The present case, we think, is clearly ruled by' the principle announced in Rivera v. White, 94 Tex. 538, 63 S. W. 125. That case, like the present, was one in which a trust' was sought to be ingrafted upon an absolute deed which had been executed for the sole purpose of defeating the collection of what the grantor believed or feared was an enforceable claim against the property conveyed. The only distinction between that case and the one at bar is that in the former the grantor thought or feared there was an existing debt or claim, which in fact did not exist; whereas, in the instant ease the grantor erroneously believed or feared that the property conveyed might be legally subjected to the payment of debts as to the existence of which there was no dispute.

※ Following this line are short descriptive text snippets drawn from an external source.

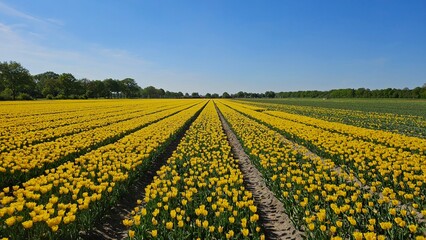 Rows of yellow tulips in a field in the Netherlands on a sunny, blue sky day. Flowers in nature.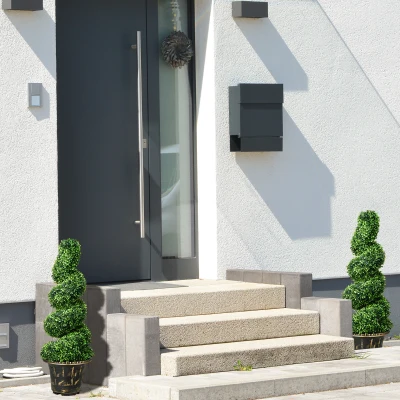 HOMCOM Letra em Espiral Conjunto de 2 Plantas Artificiais com Vaso 90 cm de Altura Verde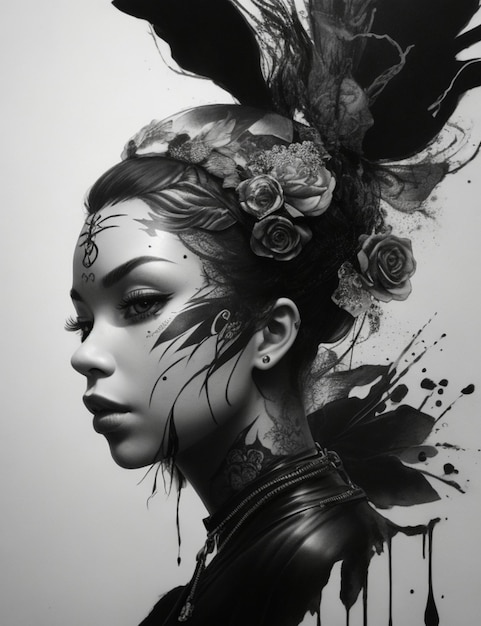 zwarte inkt model meisje kunst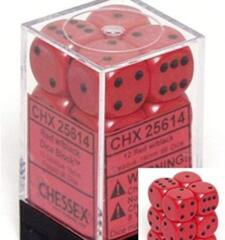 Opaque Red w/Black - 16mm Dice Set (CHX25614)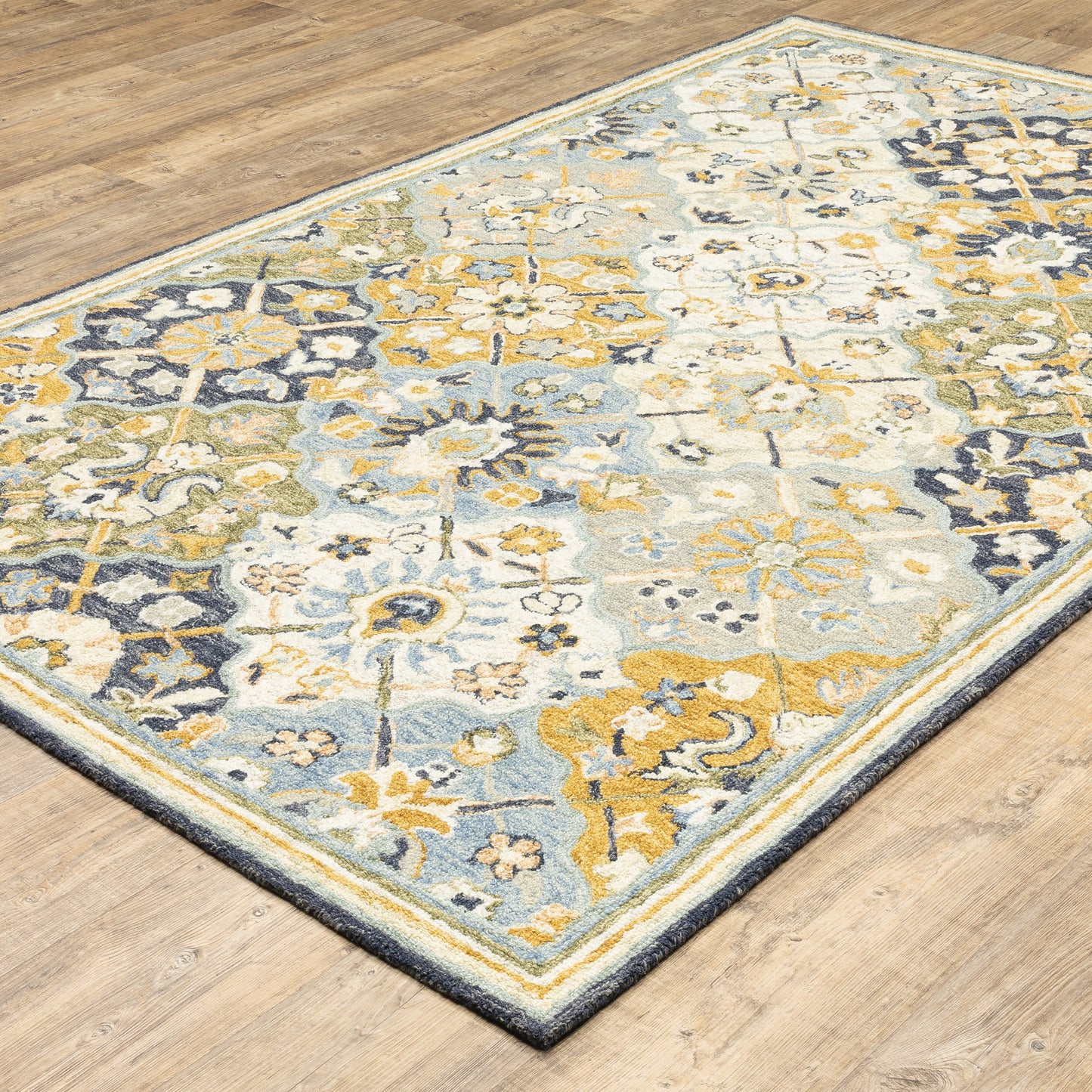 Alfresco Blue Gold Traditional Geometric Indoor Rug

In that case the suit was by the grantor to establish the trust and recover back the property.

“A recovery was denied him in the district court and Court of Civil Appeals, the latter court basing its decision upon the proposition that the deed was binding upon him and that the trust could not be enforced because of his intent, with which the deed was made, to defraud his wife of her alimony.”

*1025The opposite conclusion was reached by the Supreme Court. We quote; from the opinion which was written by Associate Justice Williams:

“The statute of frauds, for the protection of creditors, makes void all conveyances of property made by their debtors with intent to defraud them, and, in order to carry out its policy and deter debtors from such attempts to put their property beyond the reach of creditors and, at the same time, secure to themselves the enjoyment of it by secret arrangements with those to whom it is apparently conveyed, the statute makes such conveyances valid and binding between the parties; and courts, in furtherance of this policy, refuse to give any relief against such conveyances and to enforce any agreements or trusts growing out of them. But the statute applies only to conveyances made by debtors, and it is therefore only to these that such consequences should attach. The statute does not prohibit conveyances by persons who are not indebted, and no policy of the law is thwarted by a mere motive which can not work injury to creditors. Ellis v. Valentine, 65 Texas, 547. The motive with which such a conveyance is made and the fears by which it is prompted are of no importance unless there are creditors to be protected by the statute. When the statute does not apply to the case, there is nothing to prevent the court from enforcing the rights of the parties as they are fixed by their agreements. That a conveyance upon a trust, such as that shown by the evidence, constitutes the cestui que trust the equitable. owner of the property is not to be disputed, unless the motive with which the deed is made vitiates the trust; and, we think, the law has no concern with the futile intent to protect the property from a claim which its owner fears may be asserted against him, but which is never asserted and does not exist. The law of this state does not entitle the wife, suing for divorce, to alimony as a matter of course, and there is no evidence that the law in Illinois is different. Rev. Stats, art. 2S08; Wright v. Wright, 6 Texas, 29. The facts of the case are, therefore, not such as to preclude plaintiff from enforcing the trust upon which the conveyance was made.” (Italics ours.)

If the motive with which a conveyance is made and the fears prompting it are of no importance where there are in fact no creditors, then the same motive and fears are equally unimportant where there is no property in fact subject to the claims of creditors embraced in the conveyance. The analogy between the two cases is so plain and simple that it needs only to be stated,

We conclude that the judgment of the Court of Civil Appeals should be reversed, and that of the district court affirmed.

CURETON, C. J.

The judgment recommended in the report of the Commission of Appeals is adopted and will be entered as the judgment of the Supreme Court.